In addition you can use the + operator or the format! macro to concatenate String values.
Appending to a String with push_str and push
Strings can be grown by using the push_str method to append to a string slice
let mut s = String::from("foo");
s.push_str("bar");
after the two lines the string will contain foobar
The push_str takes a string slice because it doesn't necessarily want to take ownership of the parameter, therefore we are able to use a part we borrowed for appending
The push method takes a single character as a parameter and adds it to the String
let mut s = String::from("lo");
s.push('l');
Concatenation with the + Operator or the format! Macro
If you want to combine two existing strings one way is to use the + operator
let s1 = String::from("Hello, ");
let s2 = String::from("world!");
let s3 = s1 + &s2; // note s1 has been moved here and can no longer be used
s3 will contain the string Hello, world!
s1 is no longer valid due to how the + operator is implemented in the add function
fn add(self, s: &str) -> String {
In this definition is the string changes ownership and requires a second argument that is a reference
add is normally defined with generics and associated types, here they are defined with concrete types to illustrate what will happen when using it fort a string
even though a &String is not a &str the program still compiles because the compiler can coerce the &String argument into a &str.
You cannot add two Strings together directly
Rust uses a deref coercion which turns &s2 into &s2[..], also due to this being a reference ownership does not transfer
The definition moves (copies) s1 and creates a copy of s2 and combines them together
It may appear to be creating a lot of copies but it isn't the implementation is more efficient than copying
if we need to concatenate multiple strings, the behavior of the + operator gets unwieldy
fir combining strings more complex ways we can instead use the format! macro
let s1 = String::from("tic");
let s2 = String::from("tac");
let s3 = String::from("toe");
let s = s1 + "-" + &s2 + "-" + &s3;
// updated method
let s1 = String::from("tic");
let s2 = String::from("tac");
let s3 = String::from("toe");
let s = format!("{s1}-{s2}-{s3}");
the format! macro works just like println! but instead of outputting to the screen it returns a String with the contents.
using format! is much easier to read and the implementation of format uses references so it doesn't take ownership of any of its parameters
Indexing into Strings
You cannot index into a string and change characters using normal index syntax
let s1 = String::from("hello");
let h = s1[0];
The reason is how strings are stored in memory in Rust
Internal Representation
A string is a wrapper over a Vec<u8>
lets take some UTF-8 example strings
let hello = String::from("Hola");
In this case len will be 4 which means the vector storing the string "Hola" is 4 bytes long, each of these letters takes one byte when encoded in UTF-8 but this is not always true
for example
let hello = String::from("Здравствуйте");
if you were asked how long the string is, you may say 12 but in fact the answer in Rust is 24, which is the same number of bytes to encode the string in UTF-8
The String type is provided by Rust's standard library rather than coded into the core language is growable, mutable, owned and UTF-8 encoded string type.

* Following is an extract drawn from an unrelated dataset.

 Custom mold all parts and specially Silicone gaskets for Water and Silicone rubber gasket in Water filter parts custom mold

This is because every Unicode scalar value in that string takes 2 bytes of storage. Therefore indexing into the string's bytes will not always correlate to a valid Unicode scalar value
To break this down consider
let hello = "Здравствуйте";
let answer = &hello[0];
The value inside answer is not З, the first letter
When encoded into UTF-8, the first byte of З is 208 and the second is 151 so it would seem that answer should contain 208, but 208 by itself is not a valid character.
No one generally needs just the first byte at a index of a string
So to avoid returning the first byte which is an unexpected value and could be considered a bug, so the right answer is to give a compilation error and not compile. This prevents misunderstandings early in the dev process.

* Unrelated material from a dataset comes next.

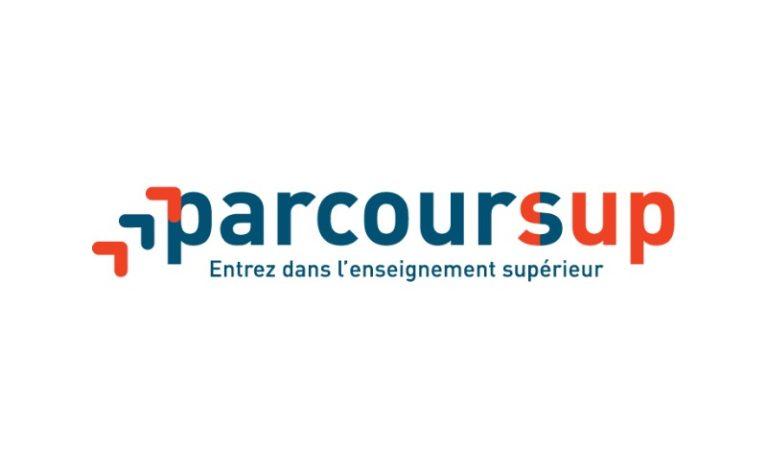 parcoursup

Bytes and Scalar Values and Grapheme Clusters
There are three ways to look at a UTF-8 string from Rust's perspective: - Bytes - Scalar Values - Grapheme Clusters (the closest thing to what we would call letters)
Consider the Hindi word “नमस्ते” written in the Devanagari script, the vector of u8 values that would store that string would look like this
[224, 164, 168, 224, 164, 174, 224, 164, 184, 224, 165, 141, 224, 164, 164, 224, 165, 135]
This is 18 bytes and is how computers store the data
If we look at them as Unicode scalar values, which is what the Rust char type is, those bytes would look like this
['न', 'म', 'स', '्', 'त', 'े']
The problem with this is that the 4th and 6th values are not letters, they are diacritics that don't make sense on their own
If we look at them as Grapheme Clusters then we would get the four characters that make up the Hindi word
["न", "म", "स्", "ते"]
Rust provides these ways of interpreting the raw string so that each program can choose the interpretation it needs, no matter what human language the data is in.
The final reason Rust doesn't allow us to index into a String to get a character is that indexing operations are expected to always take constant time O(1), but that is not always possible because you have to iterate through it to determine how many valid characters there were.
Slicing Strings
Indexing is a bad idea because the return type is not very clear what it should be: a byte value, a character a grapheme cluster, or a string slice.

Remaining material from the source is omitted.